With org-super-links, the process above is quicker, since I don’t need to bother with org-id-get-create. I just search for the header I want to link to, and everything’s created automatically: an ID for the header I’m on, an ID for the header I’m linking to, a link linking to that ID at my marker, and a backlink at the header I am linking to pointing back to the header I’m on. You’d probably need to read that last one again. The bottom line is that if you’re serious about header IDs, you should probably take a look at that wonderful package.

Another post that’s been floating around since 2016 by Matthew Lee Hinman approaches org-mode IDs from a different angle, that of publishing to HTML. In the post, Hinman explains that if you use IDs in your org-file, you will also benefit when you export it to an HTML file: the header links you will use will link where you need them to go, and that’s even after you moved headers around.

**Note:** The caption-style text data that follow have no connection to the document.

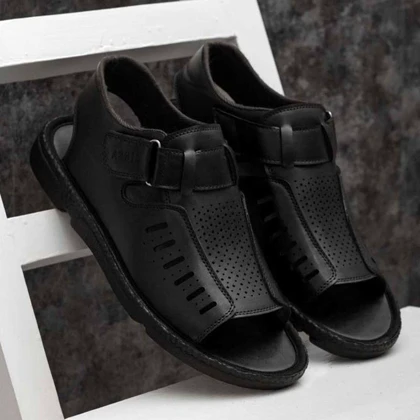 صندل جلوباز مردانه مشکی مدل Sany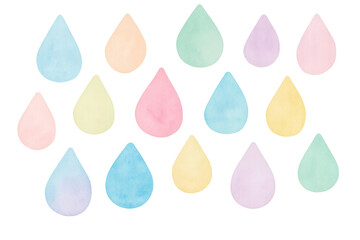 Aufkleber - Colorful watercolor raindrops falling on a transparent background, creating a cheerful and refreshing atmosphere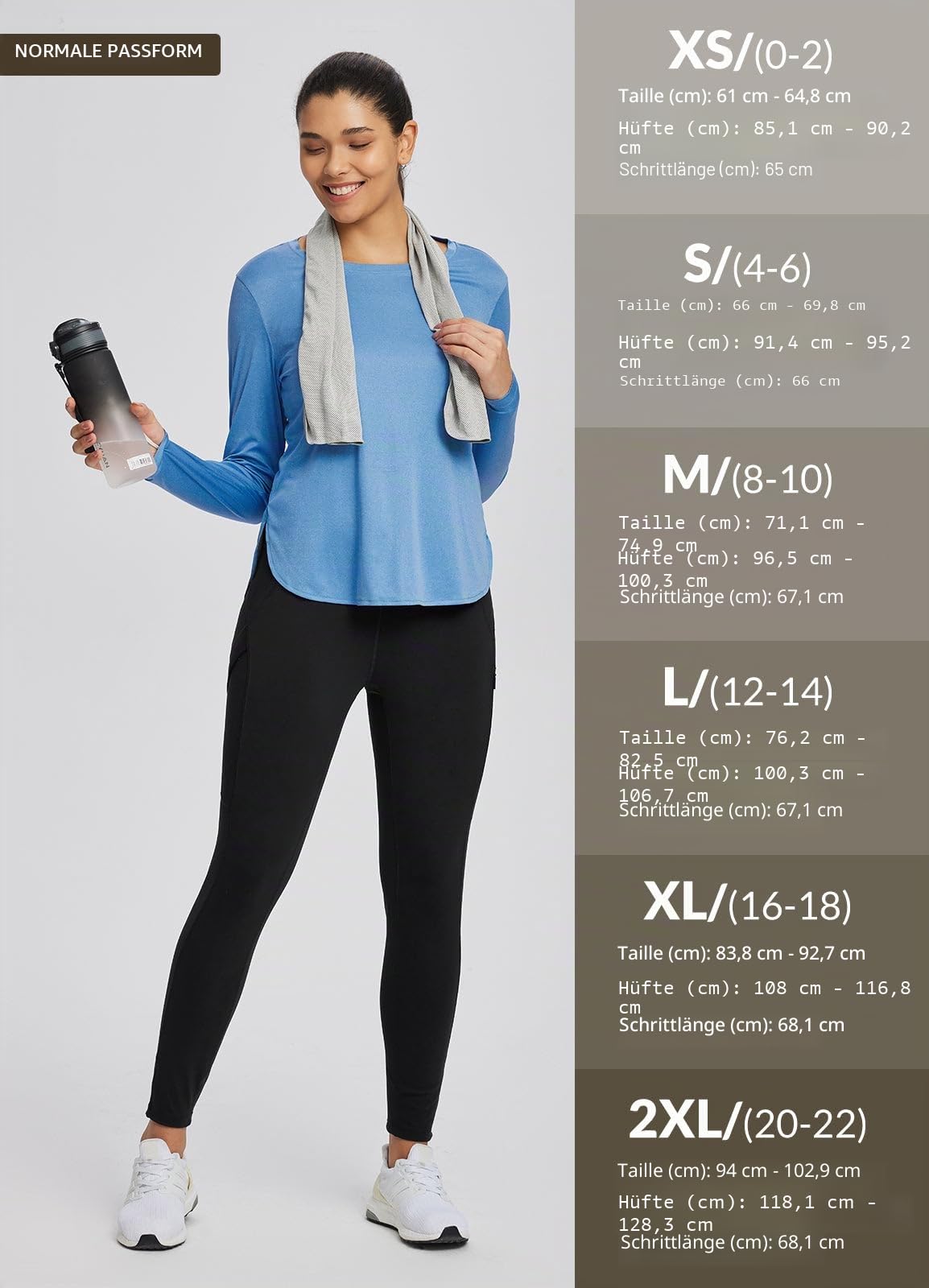 baleaf Damen Wanderleggings mit 3 Taschen Wanderhose Trekkinghose Sport Leggings High Waist Schnelltrocknend UPF 50+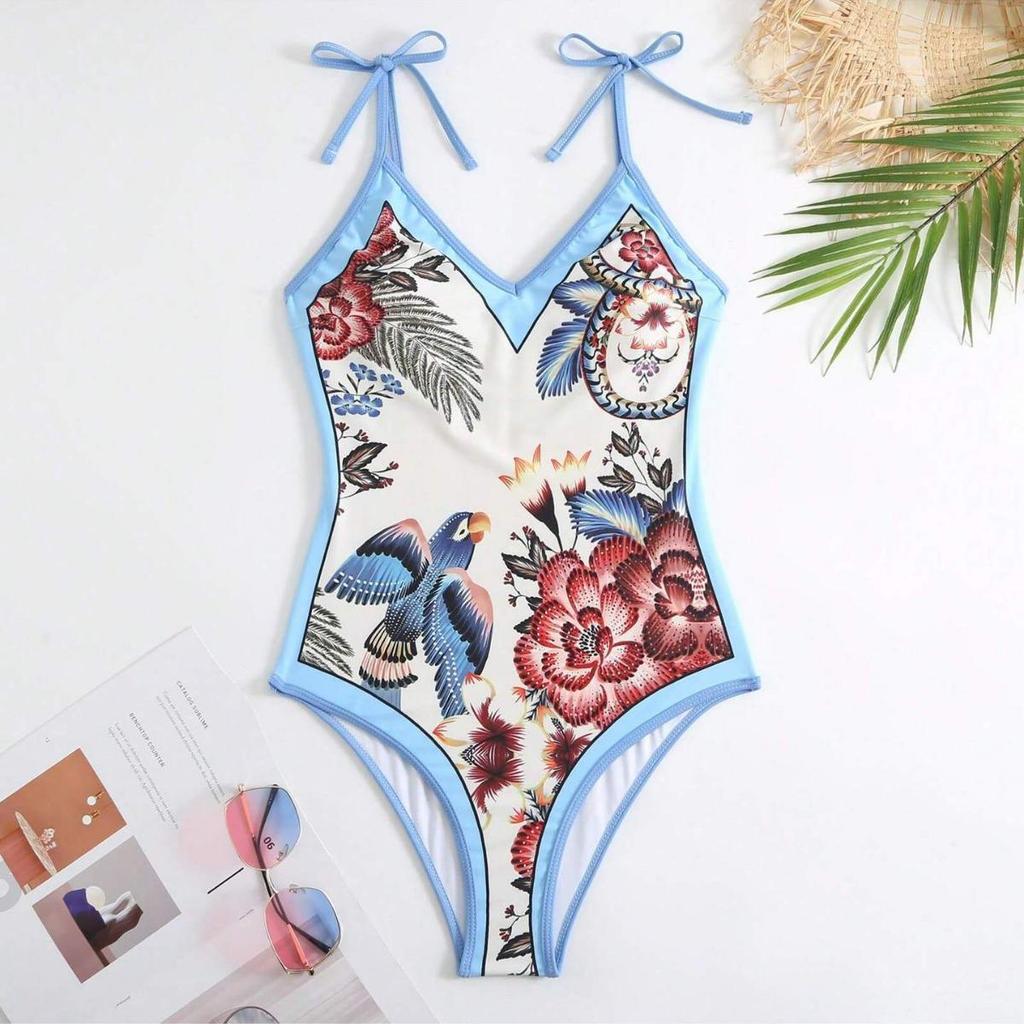 2024 Retro Strappy One-Piece Swimsuit & Long Dress Set for Women - Slimming European & American Style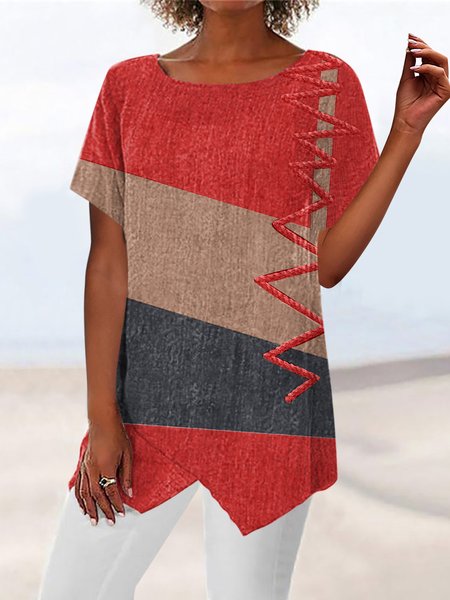 

Casual Loose Crew Neck T-Shirt, Red, T-Shirts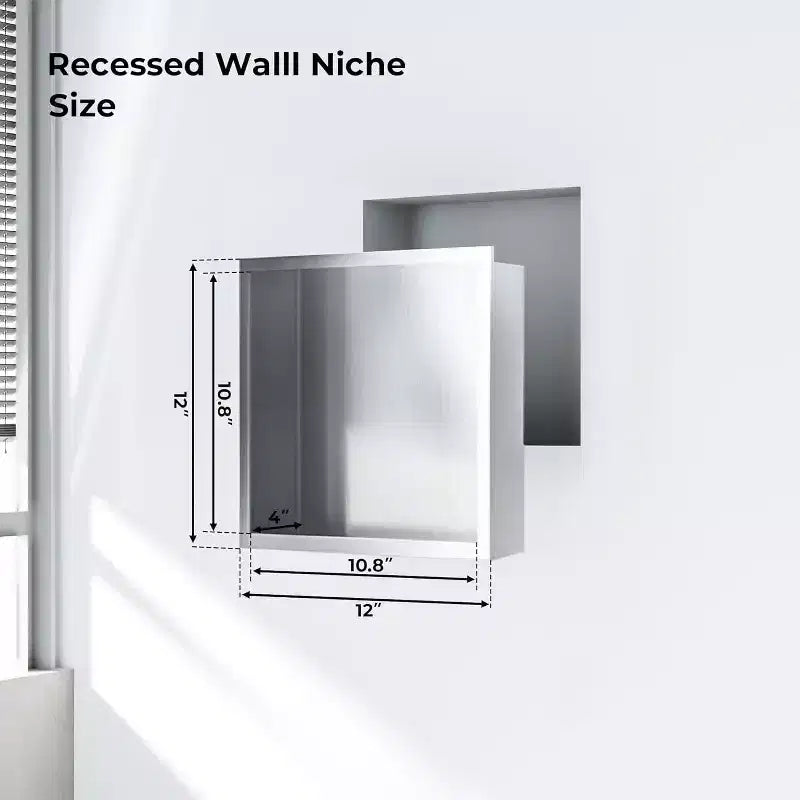 Niche de douche en acier inoxydable au design rectangulaire encastré, installation sans carrelage requise, rangement mural pour salle de bain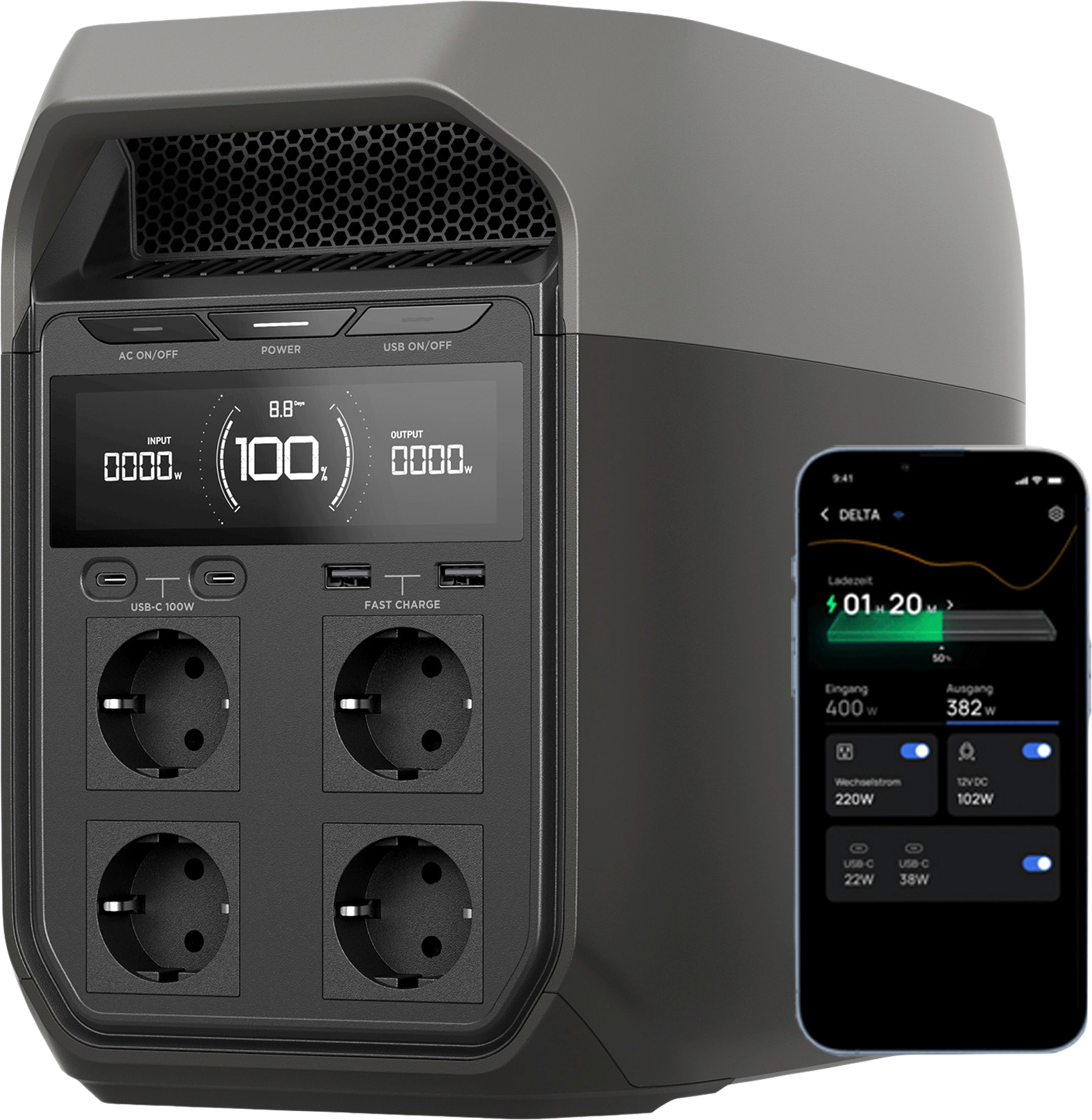 Bærbar kraftstasjon Delta 3 1024 Wh 1800 W foran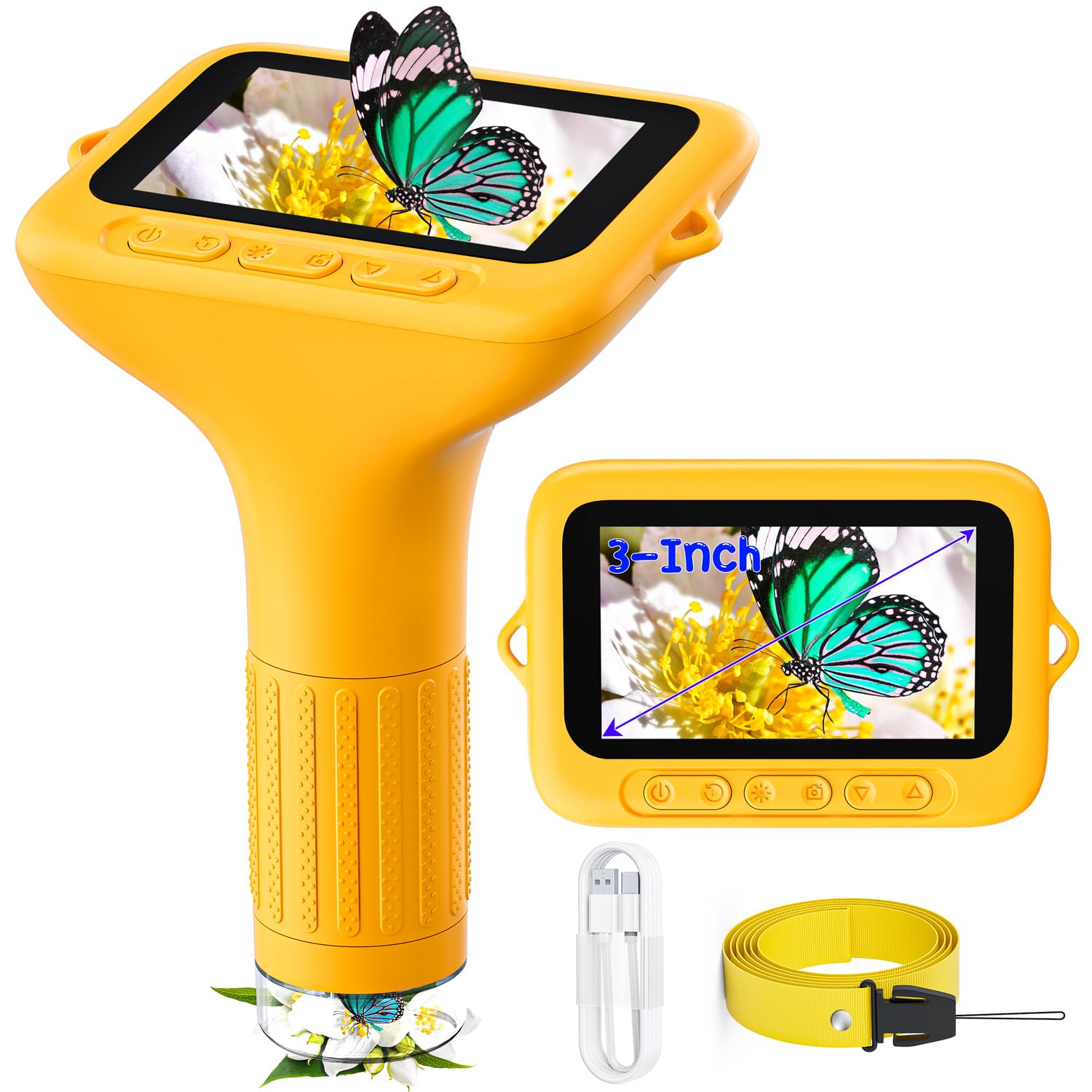 SKYBASIC Children s Digital Microscope 3-Inch IPS Screen 1000x Zoom USB Handheld Portable Educational Toy Yellow
SKYBASIC Children s Digital Microscope 3-Inch IPS Screen 1000x Zoom USB Handheld Portable Educational Toy Yellow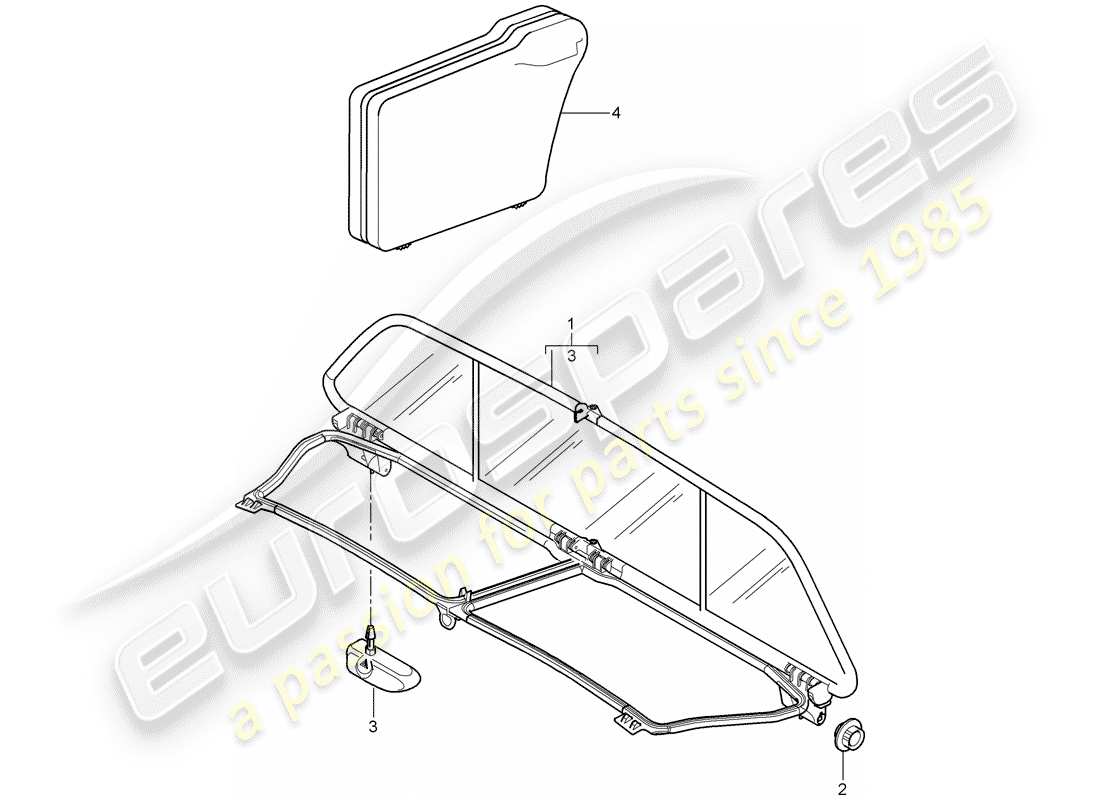 porsche 2012 (997-2) pare-brise schéma des pièces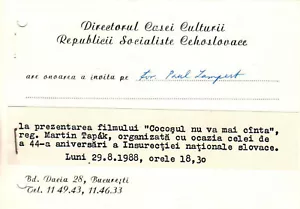 Rumänien, 1988, Filmpremiere Einladung - Tschechoslowakei Kulturhaus - Bild 1 von 1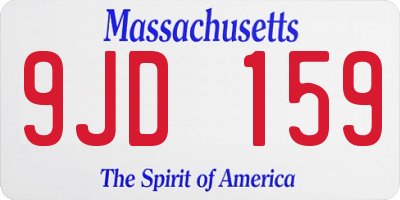 MA license plate 9JD159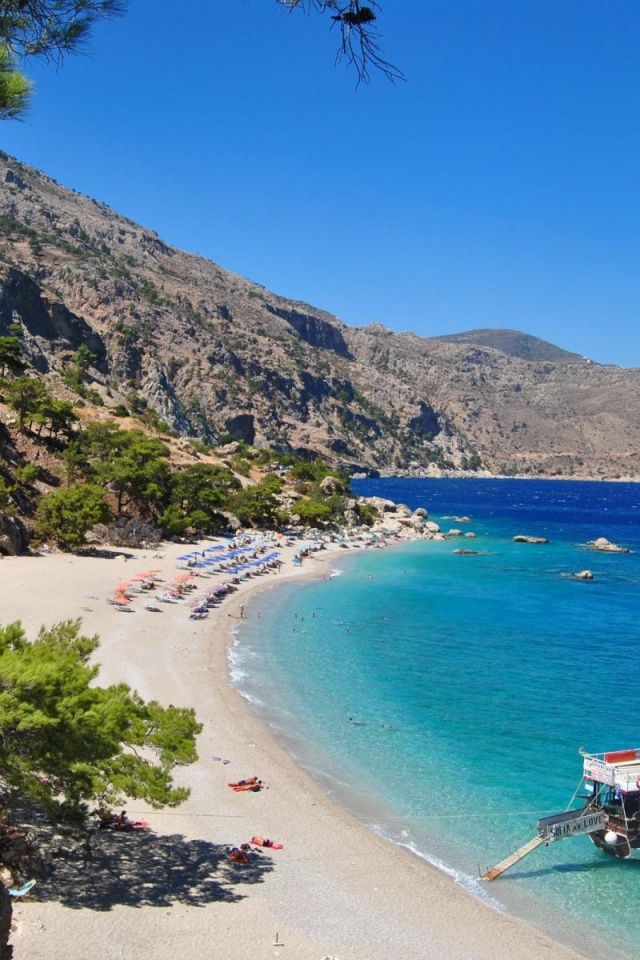 Beautiful Beach Boat Greece Nature Landscapes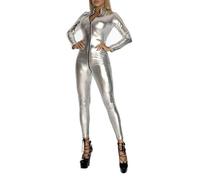 Duohropke Combinaison intégrale brillante en métal pour femme avec fermeture éclair, coupe ajustée, Catsuit, costume de carnaval, Argent (Silver), XL
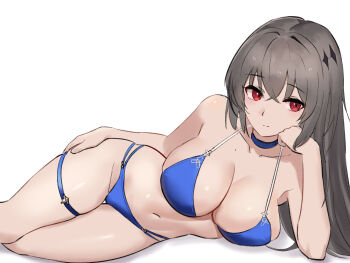 1girl azur_lane bikini blue_bikini blue_choker breasts choker cleavage closed_mouth collarbone commentary_request grey_hair hand_on_own_thigh head_rest highres large_breasts long_hair lying mole mole_on_collarbone multi-strapped_bikini_bottom navel obniermarbiss on_side red_eyes saint-louis_(azur_lane) saint-louis_(holiness_to_haziness)_(azur_lane) simple_background smile solo swimsuit thigh_strap triangle_bikini_top white_background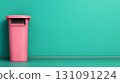 Pastel Pink Trash Can Against a Vibrant Turquoise Wall in a Modern Interior Setting 131091224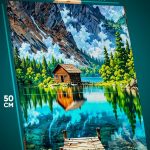 Картина на стену Пейзаж летний природа домик у озера 40x50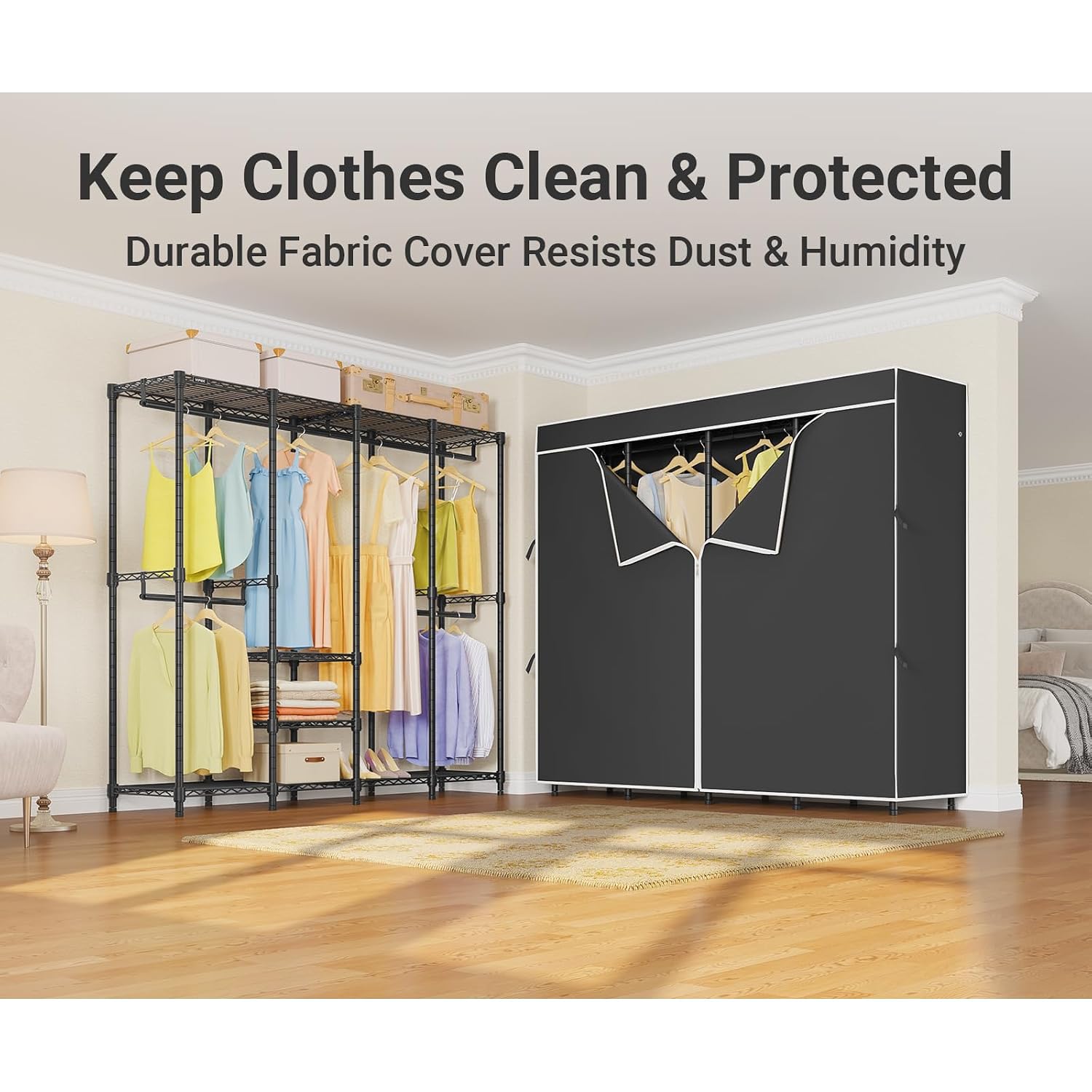 Arara de Roupa Média com Capa, - Wardrobe Closet Portable Fabric Cover avaliação e preço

I’m actually using HTML more and more at work when I want to explore my org-mode files into KB articles that go into wikis. This is especially helpful with you include a table of contents: the headers the TOC will connect to will not break if you use IDs. This is maybe a bit more of a niche use, but having a TOC in a how-to article makes a lot of sense, and org-mode creates one for you automatically because it’s amazing like that. I don’t understand why will anyone want to use something like Word and transfer these docx files over to a wiki by copy-pasting and seeing all the spaces and broken bullet lists and…. ugh. OK OK, Emacs is not exactly something your coworkers all know about. But with something like what I just described above, doesn’t it make you feel sorry for them sometimes?

Footnotes

As a matter of fact, I think breaking links to headers and losing information is one of the reasons for org-roam’s popularity. Of course, the new versions come up with a lot more than just linking notes across a huge database, but at its core, this is why people started adopting it. ↩︎
Emacs documentation specify a third method, org: “Org’s own internal method, using an encoding of the current time to microsecond accuracy, and optionally the current domain of the computer. See the variable ‘org-id-include-domain’.” This generates what seems to be a random string of text that is also not human-friendly. I’m not sure about the computer’s domain part, but this might be interesting for folks who have several computers on a domain using emacs. ↩︎
giving headers unique IDs as timestamps is useful also because it leaves “clues” to help locate lost information later. For example, when you create a project with this unique ID, and later on you forgot what it was, you can use the date to clue you in. It gives you another layer of search on your agenda (“202203” for example) to show all the projects created in March, provided you create an ID for each project, which you totally should. Because this is a simple text string, you can also use this outside of Emacs with other scripts to automate tasks that will look for this ID. It opens a world of options now that you have a range of unique IDs that you understand in your head, AKA, slugs. Also, it just looks better. ↩︎